Sąd tak w tej sprawie, jak i w kilku analogicznych, przyznał rację syndykowi. Co ciekawe, argumentacja zawarta w uzasadnieniu nie zawsze była taka sama. Przyjmowano różne koncepcje. Uznawano, że środki pieniężne przekazane na poczet opłat nigdy nie weszły do majątku osoby trzeciej. Wszak przez umowę rachunku bankowego środki pieniężne przenoszone są na rzecz banku tworząc jedynie wierzytelność o ich wypłatę. Ponadto, zwracano uwagę, że podmiot trzeci był tylko pośrednikiem w płatności i wydatkował środki ściśle w granicach upoważnienia. Nie mógł z nich korzystać chociażby w celu realizacji własnych zobowiązań.

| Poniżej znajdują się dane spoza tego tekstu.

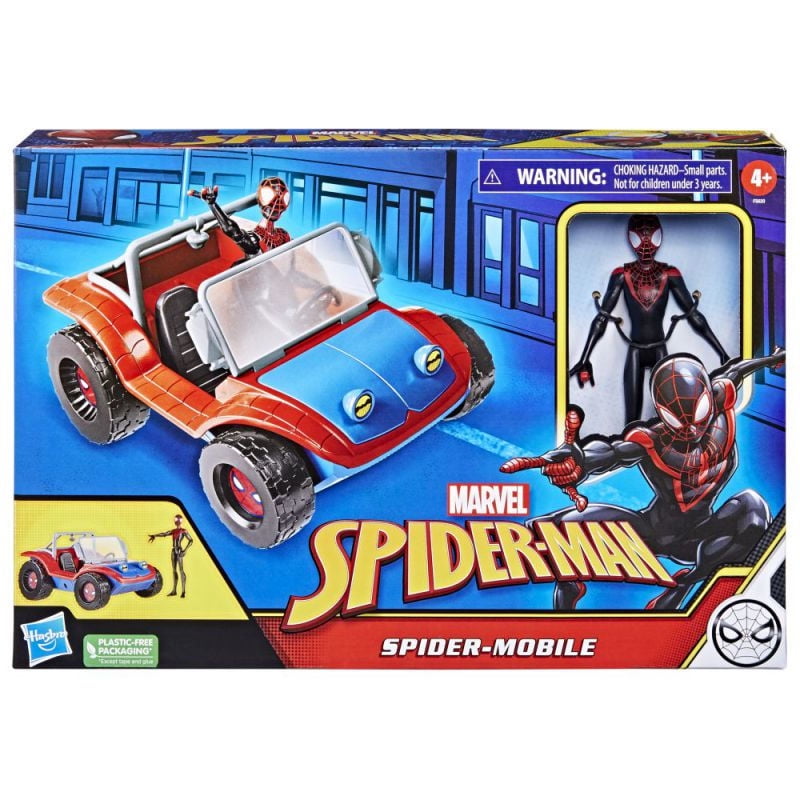 Spider-Man - Figura De Acción Spider-Mobile Miles Morales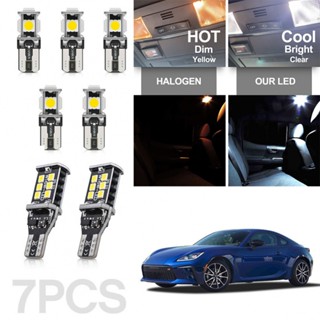 อะไหล่ไฟ LED T10 T15 5050 SMD 7 ชิ้น สําหรับรถยนต์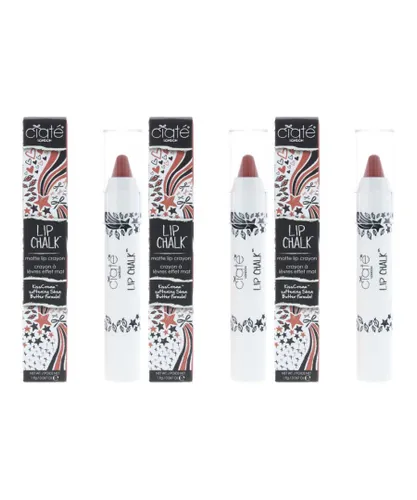 Ciate Womens Lip Chalk 1.9g Instaglam Lip Pencil Pastel Terracotta Matte x 3 - One Size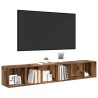 Ensemble meuble TV 2 pcs Bois Ancien 37 x 35 x 107cm 624935624935
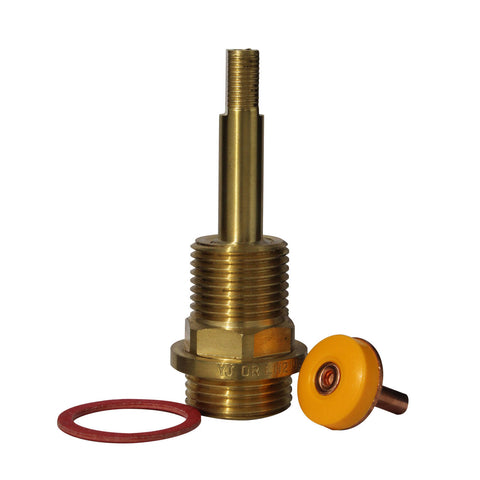 FIX-A-TAP 75mm Gold Easy Turn Shallow Seat Basin Spindle, Lead-Free DR Brass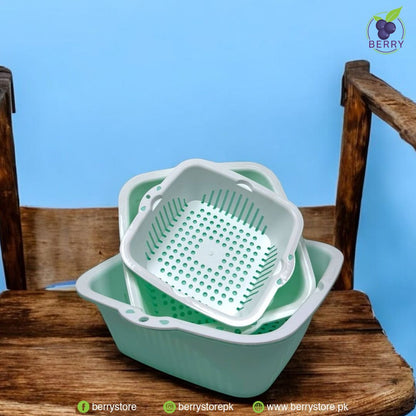 6 Pieces , [2-in-1] Multifunctional Kitchen Strainer Set, 3 Sizes
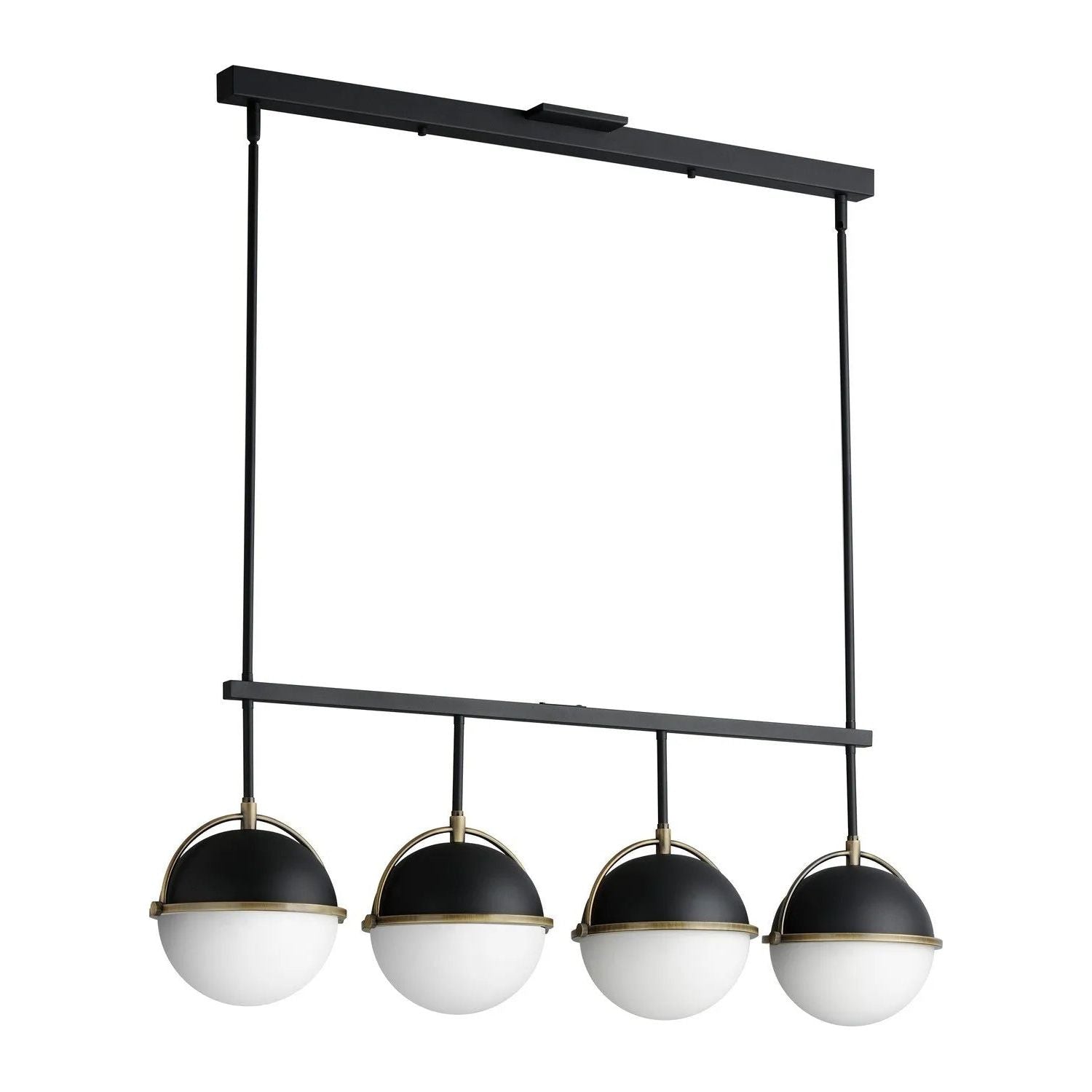 Maxim Lighting - Duke Linear Pendant - 12414SWBKWBR | Montreal Lighting & Hardware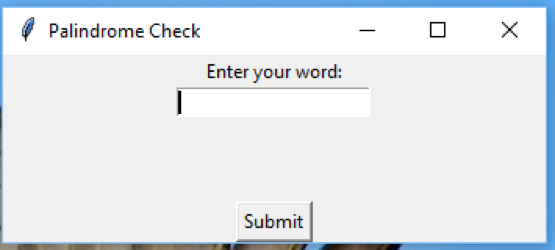 solved python please check simple code the gui has three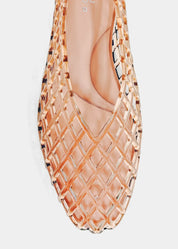 Alana Woven Jelly Flats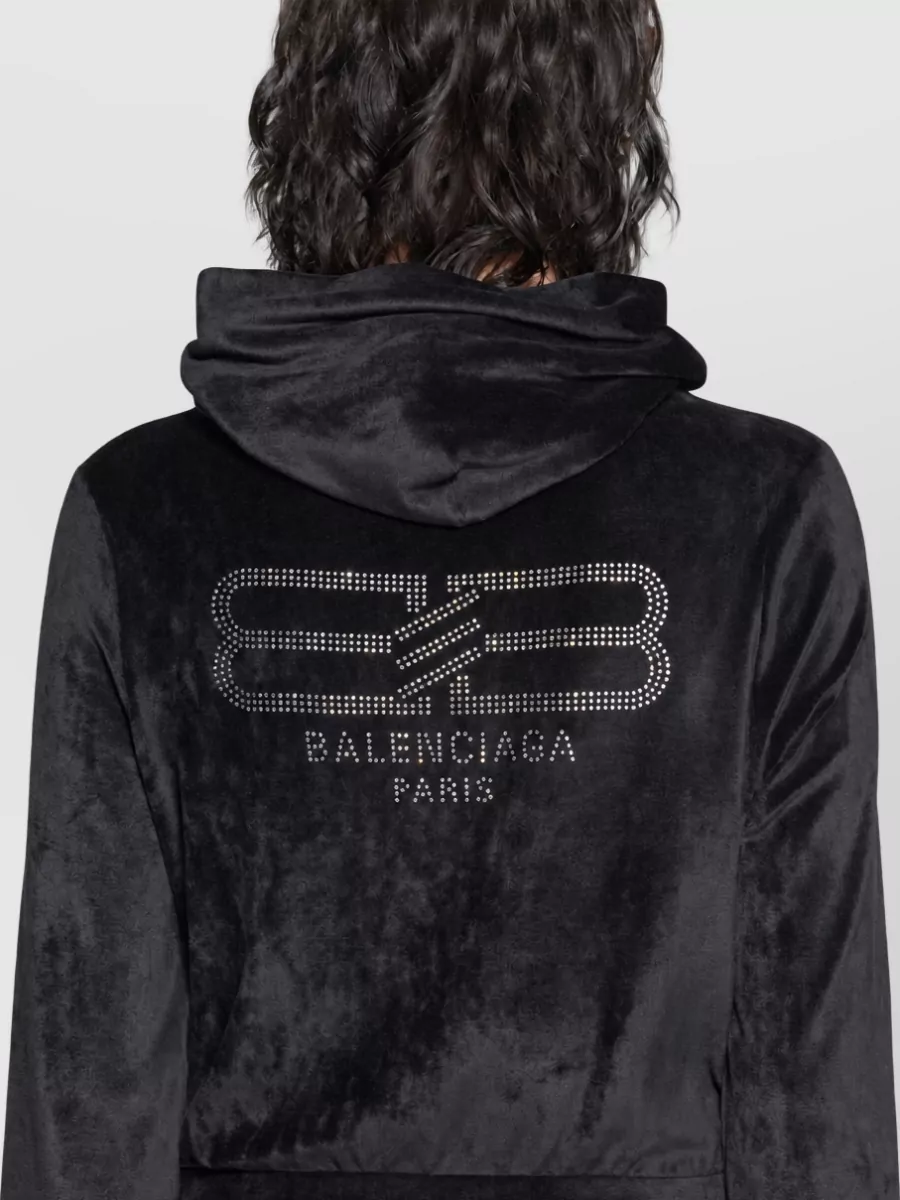 Balenciaga Zippered Knitted Sweatshirt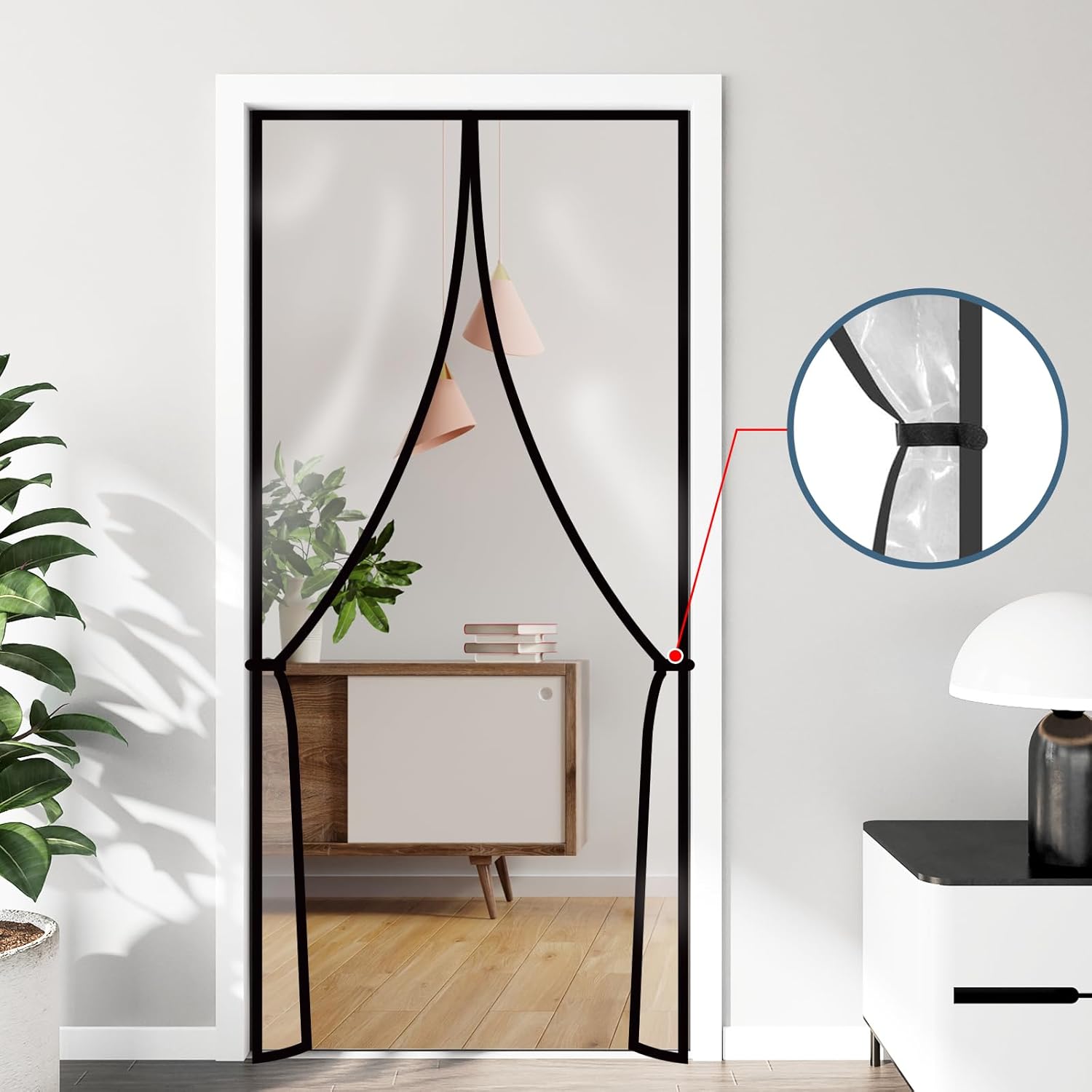 Magnetic Thermal Insulated Door Curtain, Fits Doors Up to 34" x 80" V302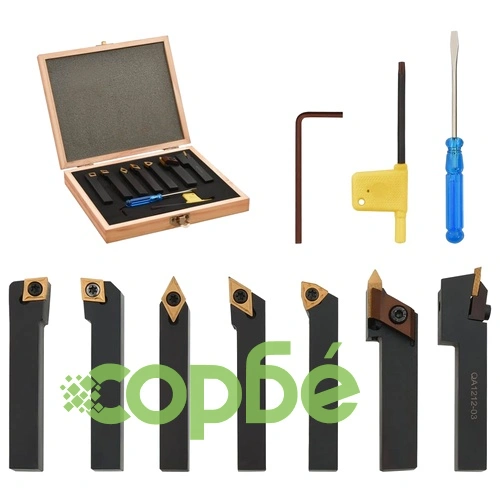 Комплект индексируеми стругарски длета, 12 бр, 12x12 мм, 80 мм ➤ топ цена ➤ sorbe.bg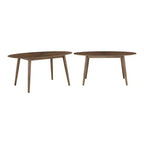 Jonas 63 Mid-Century Walnut Oval Dining Table - Walnut - iNSPIRE Q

Takie rozstrzygnięcie wydaje się być dość kontrowersyjne. Natomiast nie można go uznać za jednostkowe. Główny slusznościowy problem polega na tym, że głównym poszkodowanym jest tutaj niczego nieświadomy kontrahent. Musi on bowiem zwracać pieniądze otrzymane za realnie wykonaną usługę. Z drugiej jednak strony takie rozwiązanie wzmacnia równość między wierzycielami, którzy po ogłoszeniu upadłości powinni mieć takie same szanse na zaspokojenie, niezależne od decyzji upadłego czy jego zleceniobiorcy. Należy więc przestrzec dłużników zagrożonych niewypłacalnością, że przekazywanie środków pieniężnych innym podmiotom celem obejścia art. 77 ust. 1 ustawy – Prawo upadłościowe nie jest dobrym pomysłem.